Dörte Metzner und Steffen Kopischke sind die Lehrer, die sich am intensivsten in die Arbeit mit dem neuen Medium hineingekniet hatten. Sie stellten den Stadträten am Mittwoch die Arbeit mit dem interaktiven Whiteboard vor.

"Wir haben uns von der Technik faszinieren lassen. Sie bietet unendlich viele Möglichkeiten, den Unterricht abwechslungsreich zu gestalten, bietet Vorteile bei der Unterrichtsvorbereitung und spart im Unterricht selbst viel Zeit, in der wir uns dann den Kindern direkt widmen können", berichtete Metzner. Sie demonstrierte an der Tafel, wie diese zum Beispiel im Deutschunterricht eingesetzt werde. Fertige Tafelbilder können an die weiße Tafel projeziert werden, mit Finger oder Stift können dann Wörter verschoben, unterstrichen oder eingekreist werden. "Wir können auch die Übung vom Unterrichtsende abspeichern und am nächsten Tag genau dort weitermachen, ohne erst das Tafelbild wieder anschreiben zu müssen. Außerdem fliegt kein Kreidestaub mehr durch den Raum", nannte sie einen weiteren Vorteil.

Auch Steffen Kopischke, der die Tafel mit den Schülern vorwiegend im Mathematikunterricht nutzt, konnte die Mitglieder des Ausschusses von den Vorteilen dieses neuen Arbeitsmittels überzeugen. "Die Aufmerksamkeit der Schüler ist enorm. Sie haben sich ebenso von der Technik fesseln lassen wie wir. Sie haben sich schnell auf die Neuerung eingestellt und lernen, das neue Medium zum Lernen zu nutzen", betonte Kopischke.

Olaf Kleinschmidt, der von der Herstellerfirma zur Ausschusssitzung gekommen war, erklärte, dass der Hersteller mindestens fünf Jahre Garantie auf die Tafel gebe. Er halte es für sinnvoll, in solche Unterrichtsmittel zu investieren. "Das ist eine inhaltliche Investition. Die Kinder lernen damit zu lernen und neue Medien zu nutzen. Also kann man das schon als vorgezogene Wirtschaftsförderung sehen", erklärte er.
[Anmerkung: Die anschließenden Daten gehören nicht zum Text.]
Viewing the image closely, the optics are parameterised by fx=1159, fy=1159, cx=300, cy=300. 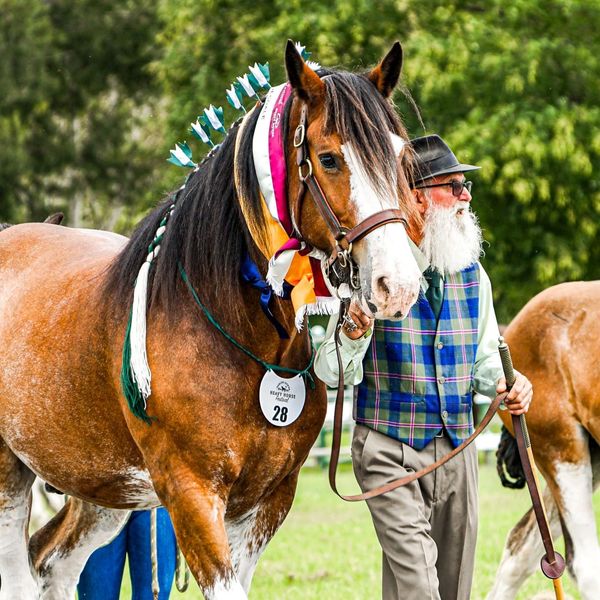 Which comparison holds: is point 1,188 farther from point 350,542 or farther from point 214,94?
point 350,542

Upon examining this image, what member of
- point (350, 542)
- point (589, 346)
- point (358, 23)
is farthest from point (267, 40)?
point (589, 346)

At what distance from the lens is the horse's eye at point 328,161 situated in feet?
11.7

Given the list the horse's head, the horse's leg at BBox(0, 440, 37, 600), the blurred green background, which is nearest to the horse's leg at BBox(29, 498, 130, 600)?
the horse's leg at BBox(0, 440, 37, 600)

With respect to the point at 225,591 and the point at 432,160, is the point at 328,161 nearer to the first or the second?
the point at 432,160

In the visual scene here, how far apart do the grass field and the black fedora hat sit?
3268mm

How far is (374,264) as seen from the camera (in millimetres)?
3371

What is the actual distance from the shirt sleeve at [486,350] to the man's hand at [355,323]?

Edtiha Bernick schlug vor, dass in absehbarer Zeit alle Grundschulen der Stadt mit einer solchen interaktiven Tafel ausgestattet werden sollen. Damit sprach sie genau das aus, was im Grundsatzband des Lehrplanes der Grundschulen als Leitidee formuliert und festgehalten ist. Dort heißt es: "Es ist zentrales pädagogisches Anliegen, die Schüler bereits im Grundschulalter an den reflektierenden Umgang mit verschiedenen Medien als Informations- und Kommunika- tionsmittel heranzuführen. Medienkompetenz in der sich verändernden Gesellschaft ist eine wichtige Voraussetzung für selbstbestimmtes Handeln, die Übernahme sozialer Verantwortung sowie die Bewältigung gesellschaftlicher Anforderungen."

Gleichzeitig hatte Bernick betont, dass der Landkreis dann auch Sekundarschulen und Gymnasien mit solcher Technik ausrüsten müsste. "Sonst reißt das doch ab. Das muss einheitlich gesteuert werden. Wir sollten auch Landtagsabgeordnete immer wieder darauf ansprechen, damit sie sich dafür stark machen", sagte sie. Jürgen Preikschas schlug vor, dass, wenn die politische Ebene bei der Anschaffung neuer Tafeln versage, auch Sponsoren angesprochen werden sollten.